Allora, esperienza personale: in ufficio lavoro in un ambiente (classe energetica prossima alla Z, suppongo) rettangolare di circa 10x3 metri, finestrato a sud e ovest col lato lungo a sud; altezza al controsoffitto circa 3,5 mt, riscaldamento/condizionamento a soffitto (bocche ventilanti).
UNA CAGATA.
Il pavimento (flottante moquettato) è eternamente freddo (certe mattine sembra quasi ci sia la nebbia ), e il riscaldamento produce solo sbalzi termici.
A casa (del 1994, classe ignota, cappottata in origine da 10cm almeno, isolamento al soffitto, su due piani giorno e notte) ho i termosifoni in ghisa, che da soli non riuscivano mai a scaldare granché, se non tenendo la caldaia accesa fissa h24.
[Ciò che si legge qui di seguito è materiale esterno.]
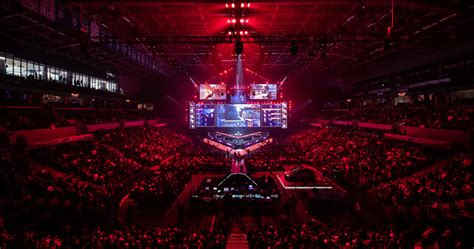 Coach of Winning Esports Team Drenched With Bucket of Soap and Water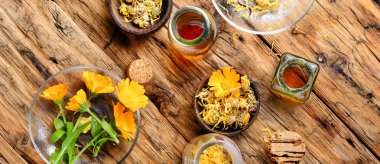 Calendula çiçek ve bitki tentür şifa. Şifalı bitkiler. Bitkisel ilaç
Con l'arrivo del primo figlio, nel 2005, ho comprato la stufa a pellet che scalda la sala e parzialmente la cucina (dove viviamo), con "fiammate" di caldaia al mattino per 2 ore, a pranzo per 1 ora, la sera per 2 ore, tanto per intiepidire sui 16°C invernali le camere da letto. Mai temperature troppo alte dell'acqua dei caloriferi, sennò si secca l'aria e i bimbi tossiscono (e noi non si dorme).
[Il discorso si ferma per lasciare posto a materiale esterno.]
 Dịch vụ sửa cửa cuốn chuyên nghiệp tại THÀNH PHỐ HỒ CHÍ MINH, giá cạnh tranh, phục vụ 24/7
I bagni sono piccoli, quindi basta molto poco per scaldarli: ad aiutare il (piccolo) radiatore in ghisa c'è la stufetta alogena o al quarzo.
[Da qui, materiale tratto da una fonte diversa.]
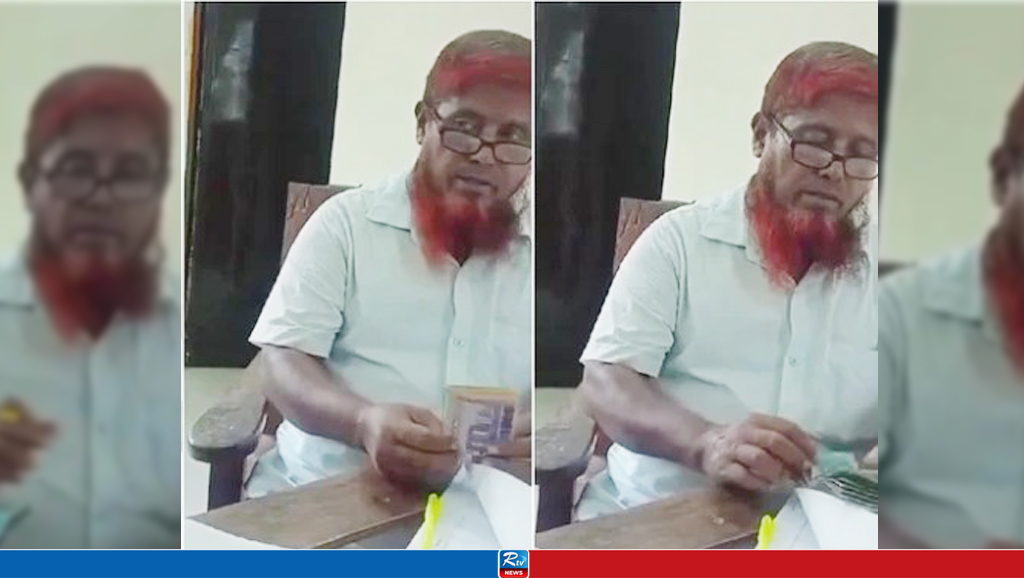 দপ্তরে বসেই তিনি গুনছেন ঘুষের টাকা!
Mia cugina, invece, geometra, quando s'è rifatta la casa nel 1999 optò per l'impianto a pavimento, collegando in parallelo caldaia a metano, solare termico (per l'acqua calda sanitaria) e termocamino; lei mantiene la temperatura quasi costante per tutto l'arco della giornata, consuma pochissimo metano ma quintali di legna (ha il bosco).